By Ryan Carlson, Technology Evangelist at Soracom
IoT suffers from a pilot problem that rarely gets discussed. It’s not a technical issue. It’s the frustrating scenario where a successful proof of concept gathers dust in a presentation for two years, gets rebranded as a “Phase 2 initiative,” and silently fades away when the internal champion departs the organization.
We’ve become incredibly skilled at creating 90-day demonstrations that prove a concept functions. Where we fall short is proving that it’s actually worth pursuing.
This distinction is far more critical than the industry is willing to acknowledge.
The unplanned gap
When an IoT pilot stalls, the post-mortem typically points the finger at technology. The connection was unstable. Integration proved more complex than anticipated. The hardware underperformed in real-world conditions. These are legitimate challenges. But they’re seldom the actual killers.
The real killers are far more subtle. The executives who greenlit the pilot struggle to explain the return on investment to their leadership. The end users who were never asked for input can’t see how the solution fits into their daily routines. Operations teams suddenly find themselves responsible for managing a fleet of SIMs and data pipelines that nobody allocated headcount to oversee. IT shuts the project down over security issues that should have been flagged in the first week, not the ninth. Sales teams can’t articulate the value proposition. Distributors feel the non-connected version worked just fine.
Technology is almost never the roadblock. The real obstacle is that no one confirmed whether this connected deployment deserved to exist before development began. The sensors function properly. The connectivity is well-established. What’s absent is the organizational preparedness to run it.
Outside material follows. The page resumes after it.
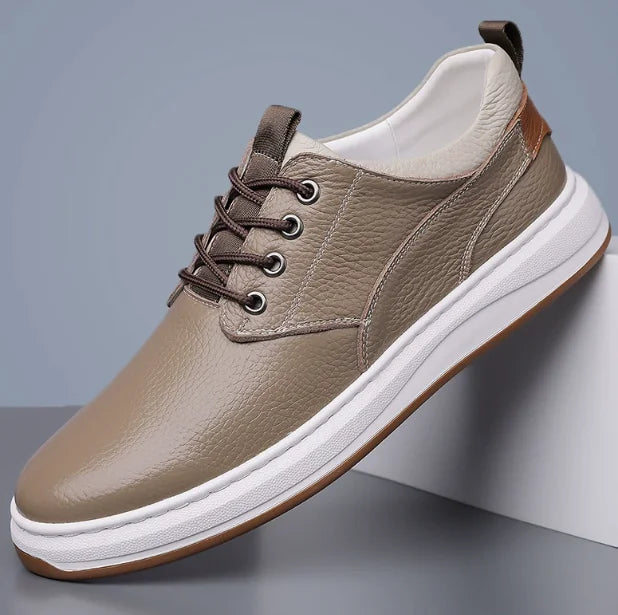 Up-0171C Fashion Man Outdoor Flat Sneakers Casual Walking Sports Shoes for Men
Four questions that shape the outcome
Every IoT initiative, whether it’s a large enterprise rolling out sensors across 200 locations or a startup launching its first connected product, succeeds or fails based on four readiness dimensions.
Technology: Why does it work? The answer defines the impact. Without a well-defined mechanism for delivering value, you’ve created something technically impressive that nobody actually needs.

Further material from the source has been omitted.